I am trying to complete my husbands settlement form on the visa4uk website (today 11th June 2012) and the I keep getting the message that the server where this page is located is not responding. I'm wondering if anyone else is having the same difficulties? Perhaps there's a rush on to get applications in before July 9th?

Anyone?


----------



## rose.spectre (Jun 12, 2012)

I am having the same problem, and have thought the same myself. So you're not alone!


----------



## emsumi (Jun 12, 2012)

rose.spectre said:


> I am having the same problem, and have thought the same myself. So you're not alone!



Thank you - I was beginning to panic! I would be so grateful if you could let me know if you have any luck getting the website to load!


----------



## rose.spectre (Jun 12, 2012)

emsumi said:


> Thank you - I was beginning to panic! I would be so grateful if you could let me know if you have any luck getting the website to load!


I was actually a little panicked myself; I've been trying for the past 2 hours. Which probably isn't helpful if it IS because of an overload of applications... but I will let you know if I have any luck.


----------



## qman383 (Mar 12, 2011)

I to have been trying to access this website as I needed to download a form I needed from my completed application, very strange that today of all days you are not able to get on the site. I got the same message about the server as well.


----------



## emsumi (Jun 12, 2012)

Still no joy and it's been several hours, but it is a relief to know that others are experiencing the same difficulties. I will have to fill out the form again now as my 7 days were up today - I was just about to hit the submit button! Oh well, at least I'm getting quicker at it!


----------



## murtle_007 (Dec 23, 2011)

I had my in person appointment for flr yesterday, turns out when i printed my forms (after they changed in april) that it gave me an out dated paying info page. So the document checking man says "i'll just print you a new one!". Few minutes later "well the website is gubbed, big surprise". Even the guy at the Glasgow public enquiry office hates their website haha


----------



## AnAmericanInScotland (Feb 8, 2012)

Hopefully all of you were able to finally get into the areas of the sites you needed to use. 

I have noticed with UKBA, Home Office, and other similar UK government sites that when they are in the process of updating a page or section the site will load slowly, 'hang' or go to 'error' after a long wait for loading, and sometimes go offline completely.

VERY frustrating if you are in the middle of something critical like making a payment on that all important visa application! 

The past few days have been especially busy IT wise for the UKBA with all of the updates needed due to planned roll-out of the new immigration rules on 9 July. And too, I imagine yesterday the sites were overwhelmed by people trying to access information on the changes 'hot off the press'-CRAAAAASH due to server demand overload!


----------



## emsumi (Jun 12, 2012)

Well, no luck tonight.

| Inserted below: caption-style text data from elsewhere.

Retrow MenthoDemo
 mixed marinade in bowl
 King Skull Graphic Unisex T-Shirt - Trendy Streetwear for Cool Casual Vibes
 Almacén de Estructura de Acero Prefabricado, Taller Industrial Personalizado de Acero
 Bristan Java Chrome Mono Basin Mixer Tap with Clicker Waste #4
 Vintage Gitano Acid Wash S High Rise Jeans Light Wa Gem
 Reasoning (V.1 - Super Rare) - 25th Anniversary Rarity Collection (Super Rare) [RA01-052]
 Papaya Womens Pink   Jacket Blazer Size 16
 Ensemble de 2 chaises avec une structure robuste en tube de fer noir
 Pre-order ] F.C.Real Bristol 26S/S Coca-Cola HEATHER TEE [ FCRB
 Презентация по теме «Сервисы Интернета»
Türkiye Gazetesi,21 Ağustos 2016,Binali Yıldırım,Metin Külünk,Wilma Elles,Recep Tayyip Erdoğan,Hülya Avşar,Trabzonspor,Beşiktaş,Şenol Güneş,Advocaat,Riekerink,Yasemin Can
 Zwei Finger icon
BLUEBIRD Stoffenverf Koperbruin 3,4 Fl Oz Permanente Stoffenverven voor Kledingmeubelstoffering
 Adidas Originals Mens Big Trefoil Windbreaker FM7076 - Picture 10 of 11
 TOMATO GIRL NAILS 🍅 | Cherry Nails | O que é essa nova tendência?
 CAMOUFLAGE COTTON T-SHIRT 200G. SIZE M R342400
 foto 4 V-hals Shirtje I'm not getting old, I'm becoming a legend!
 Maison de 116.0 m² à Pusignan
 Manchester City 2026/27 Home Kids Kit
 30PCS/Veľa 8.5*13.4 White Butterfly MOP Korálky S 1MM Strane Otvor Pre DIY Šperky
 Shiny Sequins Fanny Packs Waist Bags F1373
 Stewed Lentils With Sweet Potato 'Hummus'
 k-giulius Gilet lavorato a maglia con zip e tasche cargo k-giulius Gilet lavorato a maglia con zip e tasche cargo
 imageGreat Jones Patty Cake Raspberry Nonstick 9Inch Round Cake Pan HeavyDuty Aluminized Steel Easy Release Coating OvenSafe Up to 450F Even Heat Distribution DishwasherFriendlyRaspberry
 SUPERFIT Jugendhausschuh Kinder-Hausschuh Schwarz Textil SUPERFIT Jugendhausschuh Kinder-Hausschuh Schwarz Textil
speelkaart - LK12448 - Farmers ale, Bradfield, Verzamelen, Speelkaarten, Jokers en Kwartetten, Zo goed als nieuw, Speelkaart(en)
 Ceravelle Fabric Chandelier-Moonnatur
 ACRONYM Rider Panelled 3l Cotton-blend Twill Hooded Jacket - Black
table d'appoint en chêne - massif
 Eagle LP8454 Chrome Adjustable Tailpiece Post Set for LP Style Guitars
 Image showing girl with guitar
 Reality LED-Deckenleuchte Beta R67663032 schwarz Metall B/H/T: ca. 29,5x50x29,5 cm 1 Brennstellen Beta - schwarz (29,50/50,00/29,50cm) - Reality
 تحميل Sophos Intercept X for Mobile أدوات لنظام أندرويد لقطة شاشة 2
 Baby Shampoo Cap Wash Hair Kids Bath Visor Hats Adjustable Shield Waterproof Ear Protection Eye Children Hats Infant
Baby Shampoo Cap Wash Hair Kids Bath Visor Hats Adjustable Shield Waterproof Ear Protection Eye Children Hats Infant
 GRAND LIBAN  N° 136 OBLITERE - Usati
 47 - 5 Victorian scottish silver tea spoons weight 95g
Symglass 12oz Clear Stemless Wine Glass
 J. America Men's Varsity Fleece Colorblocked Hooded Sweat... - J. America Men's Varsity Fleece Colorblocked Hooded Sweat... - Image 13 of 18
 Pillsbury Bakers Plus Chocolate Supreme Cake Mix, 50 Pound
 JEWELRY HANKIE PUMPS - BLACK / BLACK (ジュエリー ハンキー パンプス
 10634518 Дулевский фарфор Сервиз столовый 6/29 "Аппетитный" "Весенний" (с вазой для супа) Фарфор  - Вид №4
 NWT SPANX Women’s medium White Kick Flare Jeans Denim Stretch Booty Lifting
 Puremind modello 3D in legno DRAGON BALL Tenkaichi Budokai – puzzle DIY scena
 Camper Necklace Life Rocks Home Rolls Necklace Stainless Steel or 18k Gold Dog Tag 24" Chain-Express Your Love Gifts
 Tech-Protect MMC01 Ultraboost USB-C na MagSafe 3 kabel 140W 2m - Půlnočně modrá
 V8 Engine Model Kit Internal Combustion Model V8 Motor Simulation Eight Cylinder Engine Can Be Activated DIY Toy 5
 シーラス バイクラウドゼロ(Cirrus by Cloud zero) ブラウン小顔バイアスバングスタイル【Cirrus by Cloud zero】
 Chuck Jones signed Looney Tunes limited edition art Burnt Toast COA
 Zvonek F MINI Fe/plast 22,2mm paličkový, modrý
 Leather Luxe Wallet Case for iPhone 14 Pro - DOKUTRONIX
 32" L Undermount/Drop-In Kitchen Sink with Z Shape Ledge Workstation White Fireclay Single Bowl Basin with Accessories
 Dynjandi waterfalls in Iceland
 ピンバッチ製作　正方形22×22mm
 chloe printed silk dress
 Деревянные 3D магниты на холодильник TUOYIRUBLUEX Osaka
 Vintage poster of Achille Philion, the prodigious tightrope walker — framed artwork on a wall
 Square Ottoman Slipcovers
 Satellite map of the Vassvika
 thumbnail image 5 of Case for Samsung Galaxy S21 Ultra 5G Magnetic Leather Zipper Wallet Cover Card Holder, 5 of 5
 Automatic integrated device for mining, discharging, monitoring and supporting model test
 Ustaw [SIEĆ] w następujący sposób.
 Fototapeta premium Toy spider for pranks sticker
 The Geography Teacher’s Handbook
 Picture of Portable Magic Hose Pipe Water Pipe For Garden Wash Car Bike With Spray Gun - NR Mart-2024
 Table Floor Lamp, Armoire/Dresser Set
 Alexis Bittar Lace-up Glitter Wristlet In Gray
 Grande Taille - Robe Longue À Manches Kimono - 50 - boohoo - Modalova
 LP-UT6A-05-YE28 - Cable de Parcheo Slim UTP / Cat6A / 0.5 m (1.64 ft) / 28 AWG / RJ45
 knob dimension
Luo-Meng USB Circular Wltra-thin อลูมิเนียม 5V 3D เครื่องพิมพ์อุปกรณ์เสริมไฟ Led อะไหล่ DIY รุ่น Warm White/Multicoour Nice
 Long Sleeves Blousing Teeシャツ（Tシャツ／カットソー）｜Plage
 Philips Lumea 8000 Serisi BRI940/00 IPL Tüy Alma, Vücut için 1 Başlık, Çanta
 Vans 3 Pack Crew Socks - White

Fingers crossed it will be up and running tomorrow. Good luck to the rest of you too.


----------



## rose.spectre (Jun 12, 2012)

11:12 AM where I am, and it's working for me. Good luck to the rest of you.


----------



## emsumi (Jun 12, 2012)

8.20am on Vancouver Island and yes - the website is working for me too! And, as a bonus - it hadn't deleted my application - phew!


----------